The decade-long running litigation between the record labels and video-streaming service Vimeo may be slowly grinding to an end. Fresh off the heels of its appeals victory in which the Second Circuit held that the safe harbor provisions of the Digital Millennium Copyright Act of 1998 (the “DMCA”) include sound recordings made before 1972 (so-called Pre-72 recordings), Capitol Records, LLC v. Vimeo, LLC, 826 F.3d 78, 81 (2d Cir. 2016), cert. denied, 137 S. Ct. 1374 (2017), Vimeo can add another notch on its belt.
In addition to copyright infringement claims, which the Second Circuit’s decision mooted by the safe-harbor provisions of the DMCA, the record labels also sued under state unfair competition law. Vimeo moved to dismiss the unfair competition claims as similarly barred by the DMCA because “the phrase “infringement of copyright” confers protection against all state-law claims that seek to vindicate rights abridged by infringement of pre-1972 sound recordings, no matter what the claim is called under state law.” (emphasis in original). The district court held in Vimeo’s favor, finding that “if Vimeo is liable to Plaintiffs for unfair competition on Plaintiffs’

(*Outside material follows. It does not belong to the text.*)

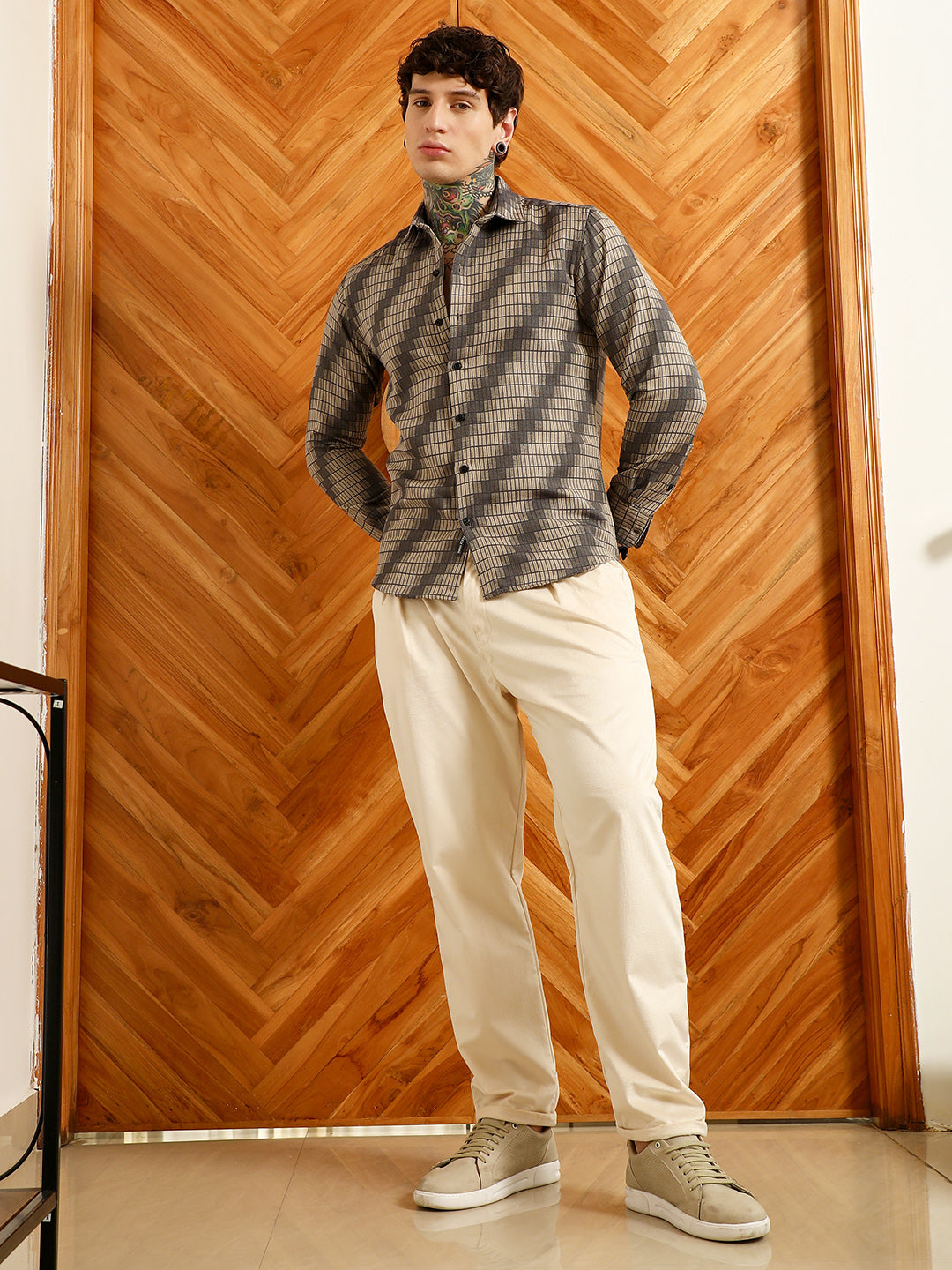 Diagonal Check Slim Fit Shirt - Cotton Polyester Blend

theory, Vimeo will necessarily be liable for the infringement of copyright. The DMCA safe
harbor therefore applies to Plaintiffs’ unfair-competition claims to the extent that Vimeo
otherwise meets the statute’s requirements.”
There are still claims regarding 59 videos that Vimeo had “red flag” knowledge of infringement, so those claims will continue.